# WHAT THE EXERCISE ASKS
Starting at the line with "The family room — Lakeview Estate", copy each line through the last one below exactly as written, without any pictures.

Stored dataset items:
########
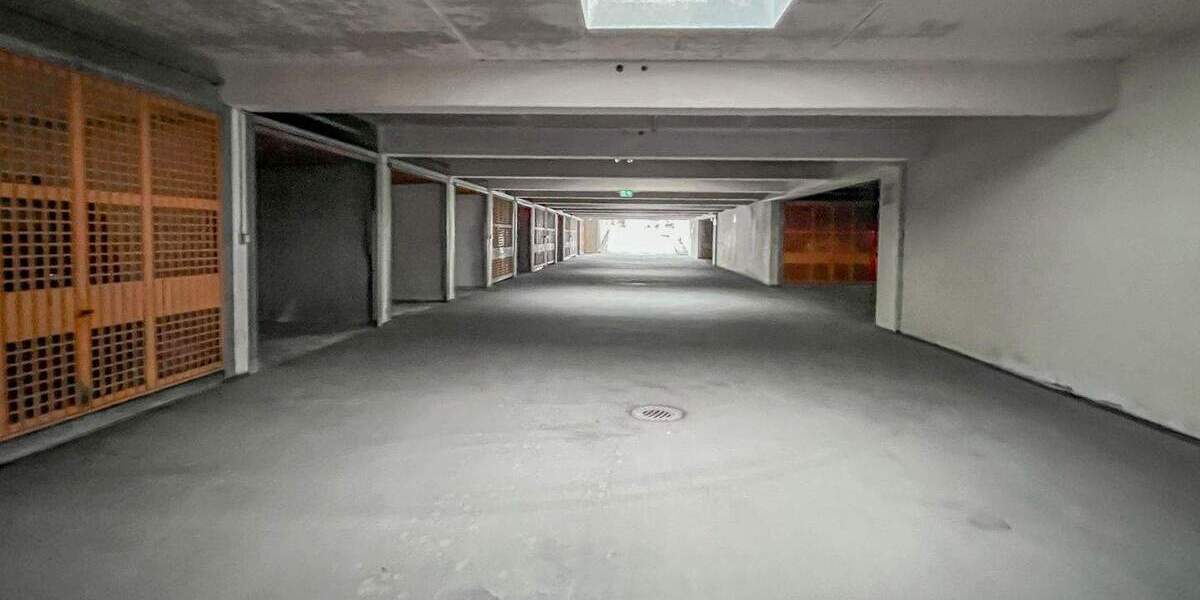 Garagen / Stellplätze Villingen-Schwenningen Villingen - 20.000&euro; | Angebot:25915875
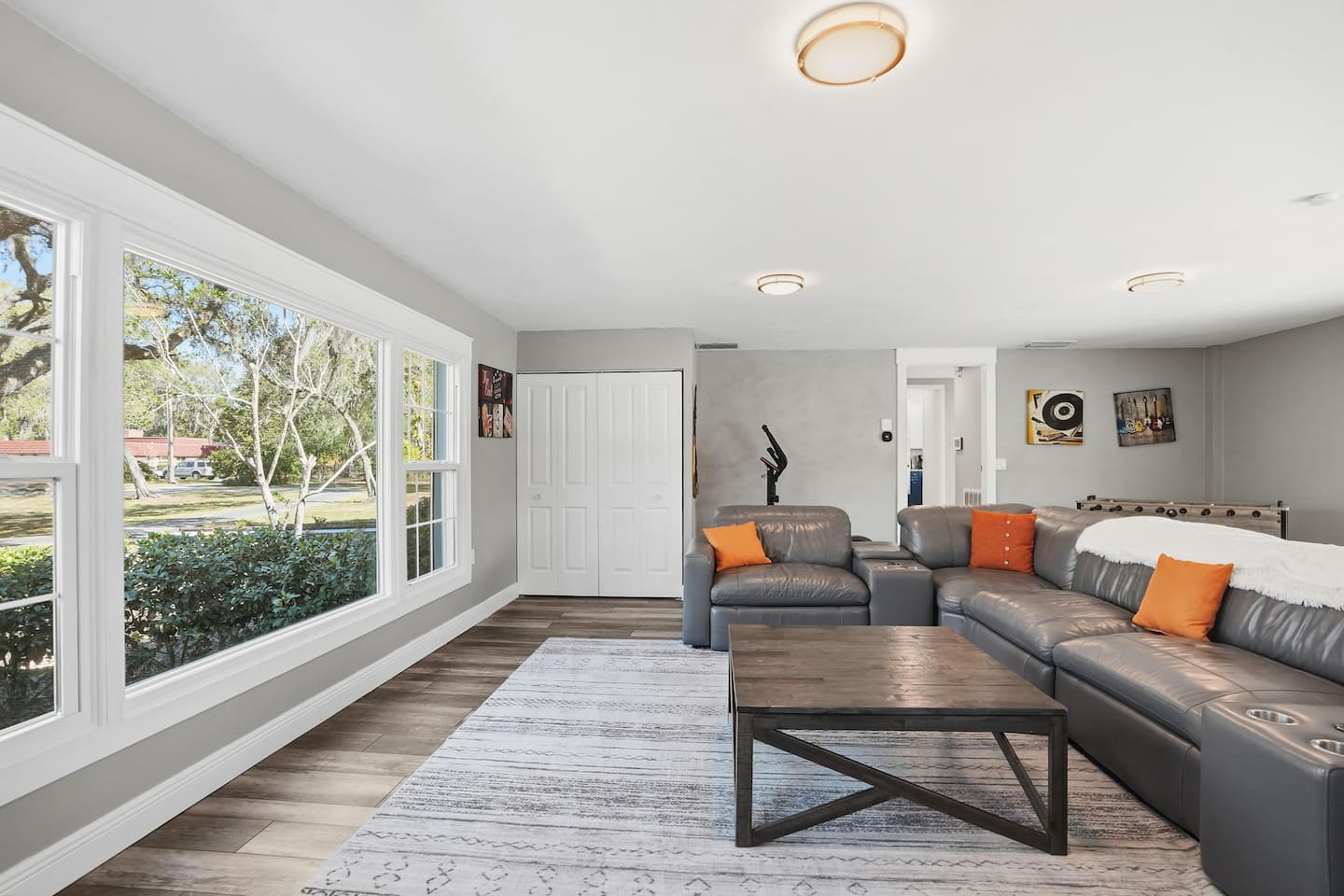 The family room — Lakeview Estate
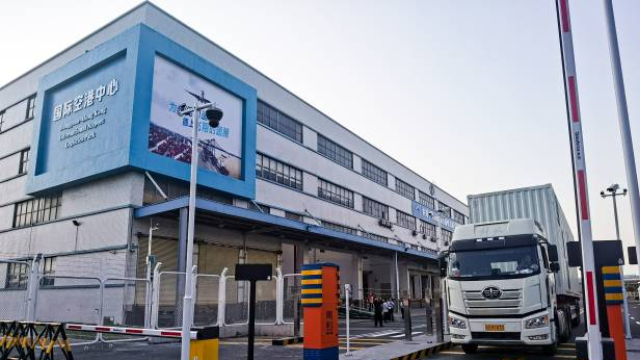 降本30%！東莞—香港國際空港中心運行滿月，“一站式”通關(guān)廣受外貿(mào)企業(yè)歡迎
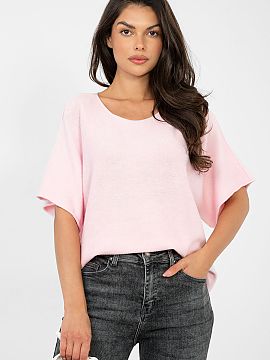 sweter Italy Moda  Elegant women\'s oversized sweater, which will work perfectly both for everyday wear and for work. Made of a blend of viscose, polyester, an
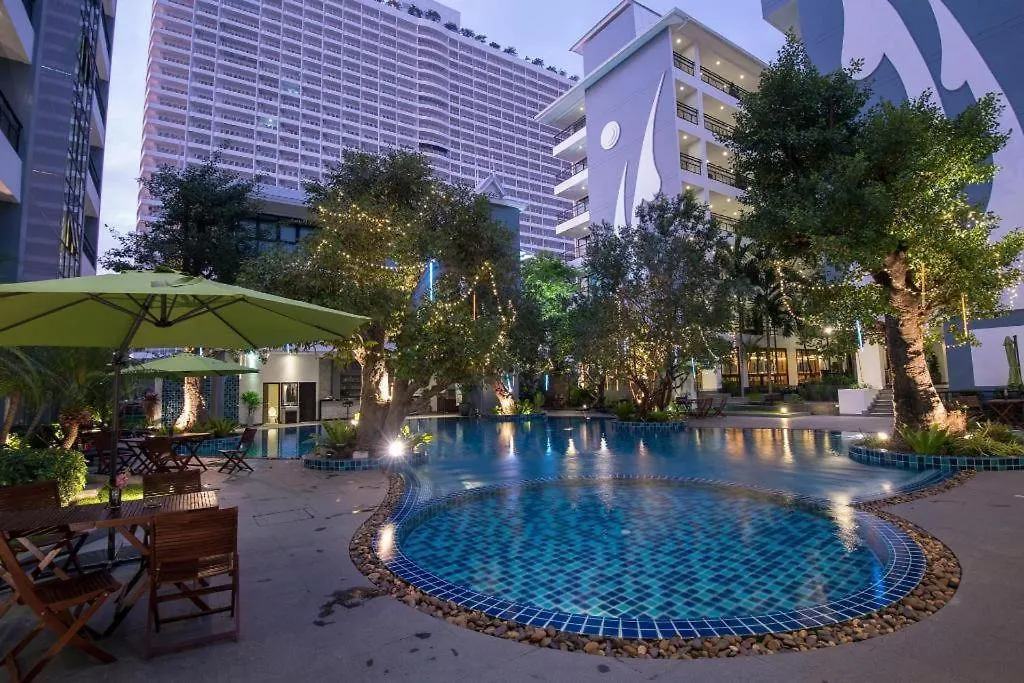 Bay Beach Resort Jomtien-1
########
# OUTPUT BELOW
 The family room — Lakeview Estate
 降本30%！東莞—香港國際空港中心運行滿月，“一站式”通關(guān)廣受外貿(mào)企業(yè)歡迎
 sweter Italy Moda  Elegant women\'s oversized sweater, which will work perfectly both for everyday wear and for work. Made of a blend of viscose, polyester, an
 Bay Beach Resort Jomtien-1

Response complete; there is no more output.